# Weed eater won't start



## Toothdr (May 20, 2017)

I have a Troy bilt weedeater that won't run well. Last year it did good. I had replaced the fuel lines. 

This year it would start but die quick . I thought it would be the carb. So I just sent it to the shop. Didn't want to mess with it. 

Reoair guy said it was the carb an $60. I said no because local store has one for $68 and maybe just need a new one and I don't do a lot of heavy trimming. I got it back and cleaned the carb. Wasn't very dirty looking. It started easier but still died. 

So I was looking at the fuel line and the line was corroded and no gas was going thru the line.  That explains it would start and die within 2 seconds. 

So replaced the line. 

This weed eater has a lever that you put in the number 1 position. Hold the throttle. Pull 5 times. Move to the number 2 position. Pull. Then move to number 3 position. 

So after replacing the fuel like and cleaning the carb. In the number one position. I adjusted the high and low pins to one turn each. 

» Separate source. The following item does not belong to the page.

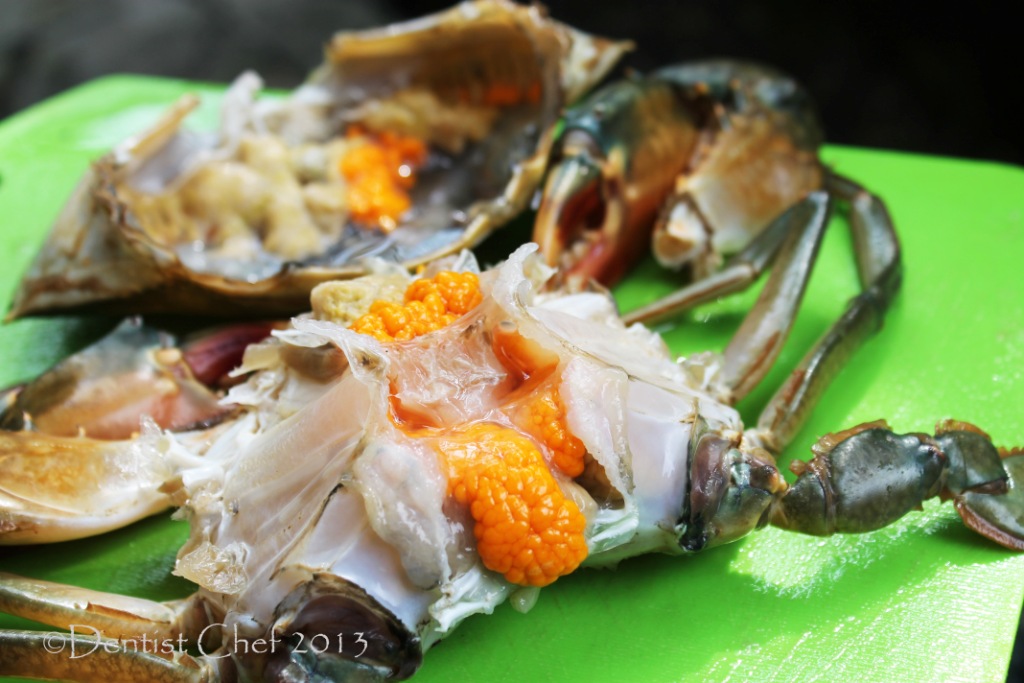 Telur Kepiting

It will start. And continue to run. When I move it to the number two position. (Still holding the theottle) it will die. When it starts to die I can move it back to the number one position and it continues to run. The head isn't spinning in the number one position. In the number two position it will soon but not much power. 

So I read about the spark preventor on the muffler could be the problem. Took the muffler off. No spark preventor. Tried starting the weed eater without the muffler. Same results just louder. 

What do I do?


----------



## Wizmo (Apr 3, 2011)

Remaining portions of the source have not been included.